The “Black Hundred” members of the Duma – Bobrinski, Purishkavitch and Co. – protest against interference on the part of England on behalf of Finland. They declare that the English people have no right to interfere with Russian internal affairs.

Those gentlemen, as well the majority of the Duma, do not represent the Russian people. Even putting aside the fact that of 440 members of the Duma 191 are Feudals, 36 Capitalists, 44 Clericals, and some peasants – the creatures of the police and spies – notwithstanding this fact, then is indisputable evidence that the majority of the Duma is not elected by the people.

According to the new “law” fabricated by the Czar’s government after the dissolution of the second Duma, 138,000,000 of the Russian people, have but a few representatives of their interests, while 2,000,000 of the exploiters have the majority and about 433,000 Feudals send more members that 130,000,000 of the people. Almost all the working class is excluded, and the other democratic elements cut down to the utmost but that is not all. No propaganda, no agitation is allowed at election time. Not only the Social-Democrats, the Peasant group, and the Radicals, but even Liberals were not allowed to publish the names of their candidates. The names of many prospective candidates were struck out of the register, and many of those who were selected were put to prison or sent to Siberia and instead of them those with less votes or none at all became the “real” representatives of the Russian people! A few months ago, during a by-election in St Petersburg, the electors, after all this careful sifting were about 44,000, but only 22,000 obtained their voting papers from the police, who alone have the distribution them and in Odessa their delivery was so good that the Mayor failed to get his paper on the ground that “they could not find him"!

About Count Bobrinski it was officially announced in the Duma that he represents few bottles of whisky. Professor Miliukov was quite right in saying in the Duma that he got more votes than all the Octobrists, but the 15 Social-Democrats got more votes than all the rest of the “House of Scandal” put together.

The Russian people, and especially the working class, are in a worse position than the Finnish people, and they fought and are fighting for the freedom of Finland as well as for their own.
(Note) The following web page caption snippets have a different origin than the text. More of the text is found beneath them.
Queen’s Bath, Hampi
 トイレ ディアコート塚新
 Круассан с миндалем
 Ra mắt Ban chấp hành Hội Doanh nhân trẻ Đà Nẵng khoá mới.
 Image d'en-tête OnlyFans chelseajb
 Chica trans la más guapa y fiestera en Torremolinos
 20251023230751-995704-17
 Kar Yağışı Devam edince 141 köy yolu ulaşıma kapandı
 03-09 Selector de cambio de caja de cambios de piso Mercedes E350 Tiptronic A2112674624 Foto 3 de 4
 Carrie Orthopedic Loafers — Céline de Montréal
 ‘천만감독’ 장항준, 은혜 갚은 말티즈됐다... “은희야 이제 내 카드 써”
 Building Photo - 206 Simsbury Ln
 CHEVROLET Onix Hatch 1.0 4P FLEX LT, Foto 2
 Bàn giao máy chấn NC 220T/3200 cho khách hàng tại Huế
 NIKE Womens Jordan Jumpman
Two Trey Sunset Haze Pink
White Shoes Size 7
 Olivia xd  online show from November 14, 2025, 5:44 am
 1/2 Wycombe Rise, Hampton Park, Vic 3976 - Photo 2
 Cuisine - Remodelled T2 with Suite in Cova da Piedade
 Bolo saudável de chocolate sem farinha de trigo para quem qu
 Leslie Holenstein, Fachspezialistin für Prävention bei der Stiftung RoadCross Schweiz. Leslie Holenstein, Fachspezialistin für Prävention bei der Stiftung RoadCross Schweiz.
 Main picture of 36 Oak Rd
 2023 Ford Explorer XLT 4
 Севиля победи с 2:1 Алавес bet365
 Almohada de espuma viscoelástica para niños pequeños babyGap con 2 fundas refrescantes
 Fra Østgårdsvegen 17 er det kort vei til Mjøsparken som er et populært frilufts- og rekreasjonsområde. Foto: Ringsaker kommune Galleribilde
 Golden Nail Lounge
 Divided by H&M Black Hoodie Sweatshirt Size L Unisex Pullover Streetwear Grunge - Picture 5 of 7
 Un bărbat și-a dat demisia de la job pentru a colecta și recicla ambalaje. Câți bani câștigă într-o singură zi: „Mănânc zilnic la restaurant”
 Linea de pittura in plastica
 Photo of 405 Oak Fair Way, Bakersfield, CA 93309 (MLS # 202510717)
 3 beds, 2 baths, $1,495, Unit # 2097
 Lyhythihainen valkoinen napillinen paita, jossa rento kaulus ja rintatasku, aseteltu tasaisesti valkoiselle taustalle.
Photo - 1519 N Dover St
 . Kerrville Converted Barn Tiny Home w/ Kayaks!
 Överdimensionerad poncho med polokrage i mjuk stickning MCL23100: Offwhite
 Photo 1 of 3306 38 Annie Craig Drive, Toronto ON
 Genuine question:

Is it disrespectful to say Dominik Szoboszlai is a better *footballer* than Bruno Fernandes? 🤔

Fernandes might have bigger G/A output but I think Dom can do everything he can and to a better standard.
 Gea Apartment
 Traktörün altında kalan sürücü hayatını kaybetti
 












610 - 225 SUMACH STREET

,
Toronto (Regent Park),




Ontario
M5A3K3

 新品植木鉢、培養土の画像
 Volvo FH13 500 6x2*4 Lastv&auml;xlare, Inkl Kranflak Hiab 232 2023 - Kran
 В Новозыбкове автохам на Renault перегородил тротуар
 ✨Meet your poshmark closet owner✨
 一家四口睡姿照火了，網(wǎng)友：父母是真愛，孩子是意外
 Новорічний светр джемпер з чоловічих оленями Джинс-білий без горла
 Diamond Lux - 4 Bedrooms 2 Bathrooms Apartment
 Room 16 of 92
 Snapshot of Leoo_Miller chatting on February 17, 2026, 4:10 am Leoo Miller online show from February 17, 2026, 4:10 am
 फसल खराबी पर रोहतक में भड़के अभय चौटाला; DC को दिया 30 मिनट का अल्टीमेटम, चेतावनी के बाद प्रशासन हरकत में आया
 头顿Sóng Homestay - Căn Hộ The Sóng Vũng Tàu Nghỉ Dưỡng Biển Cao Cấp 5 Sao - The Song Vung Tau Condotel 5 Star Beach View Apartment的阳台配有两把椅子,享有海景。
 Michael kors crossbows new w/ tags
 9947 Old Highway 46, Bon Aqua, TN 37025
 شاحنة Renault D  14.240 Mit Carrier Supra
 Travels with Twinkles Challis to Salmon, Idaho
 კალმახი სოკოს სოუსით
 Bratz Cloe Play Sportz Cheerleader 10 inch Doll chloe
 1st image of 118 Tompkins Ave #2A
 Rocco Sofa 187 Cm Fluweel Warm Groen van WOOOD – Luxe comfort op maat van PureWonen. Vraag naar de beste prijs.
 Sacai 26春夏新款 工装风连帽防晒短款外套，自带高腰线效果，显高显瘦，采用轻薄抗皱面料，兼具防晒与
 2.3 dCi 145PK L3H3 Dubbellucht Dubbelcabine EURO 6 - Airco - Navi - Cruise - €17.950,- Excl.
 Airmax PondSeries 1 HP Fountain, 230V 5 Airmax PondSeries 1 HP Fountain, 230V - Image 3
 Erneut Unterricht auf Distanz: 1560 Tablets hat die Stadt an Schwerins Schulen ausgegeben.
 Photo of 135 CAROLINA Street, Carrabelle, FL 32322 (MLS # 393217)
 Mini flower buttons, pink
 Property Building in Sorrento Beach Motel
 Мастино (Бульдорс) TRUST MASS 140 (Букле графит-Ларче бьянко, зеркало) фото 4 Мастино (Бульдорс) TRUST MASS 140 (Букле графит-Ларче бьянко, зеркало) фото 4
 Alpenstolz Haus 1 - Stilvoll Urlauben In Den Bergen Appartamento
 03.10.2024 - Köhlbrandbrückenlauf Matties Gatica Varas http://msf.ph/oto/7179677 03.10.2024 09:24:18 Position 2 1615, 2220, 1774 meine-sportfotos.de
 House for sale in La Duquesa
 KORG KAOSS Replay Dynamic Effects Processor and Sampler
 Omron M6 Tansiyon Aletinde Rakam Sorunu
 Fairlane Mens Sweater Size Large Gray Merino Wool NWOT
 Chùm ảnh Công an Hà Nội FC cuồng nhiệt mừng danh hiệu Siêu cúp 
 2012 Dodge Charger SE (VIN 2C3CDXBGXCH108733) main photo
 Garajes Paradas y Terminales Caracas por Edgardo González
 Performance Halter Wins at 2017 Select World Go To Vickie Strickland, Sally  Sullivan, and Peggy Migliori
The Finnish proletariat gained their political liberty in 1905 at the time of the Russian revolution. Now, at the time of the counter-revolution, they are losing it. At the time of the great victories of the Russian working class the Finnish proletariat gained their liberties. They established a democratic Parliament, elected by universal adult suffrage, founded a free press, freedom for organisation and speech, and used all this very cleverly. At the last elections, of the 778,376 votes cast, 314,515 were given for Social-Democrats, and 86 Social-Democrats were elected (among them nine women), and, together with the Radical Agrarian group, which on important political questions is almost unanimously with the Social-Democrats, they number 104 out of 200.

Is it possible for such a Parliament to exist in Russia under the Czar, along with the “House of Scandal,” which is m the hands of a few Feudals – a European form of Government to exist along with the rule of the Black Hundreds throughout Russia? We cannot expect the band of murderers called the Russian Government to leave liberty to the Finnish people. And all important Finnish business is to be delivered into the hands of that band of murderers controlled by that savage, ignorant policeman Stolypin, and Purishkavitch, Bobrinski and Co. are to legislate for the Finnish people. The sons of Finland are to be brought into the Czar’s army, their parents to pay for the very regiments which will put their heel on the liberties of their country. This will be the “unity of Finland and Russia.” But instead of uniting democratic Finland with the Russian Black Hundreds they will really unite the working class of Finland with the revolutionary proletariat of Russia in their struggle against the despotic Asiatic regime of the Czar’s Government. They who “sow the wind reap the whirlwind.”

I may add that the Liberal Government of Great Britain is also responsible for the action of the Russian Government in Finland, and I would suggest to the Liberal press that instead of shedding crocodile tears they should force their Government to abandon their reactionary foreign policy.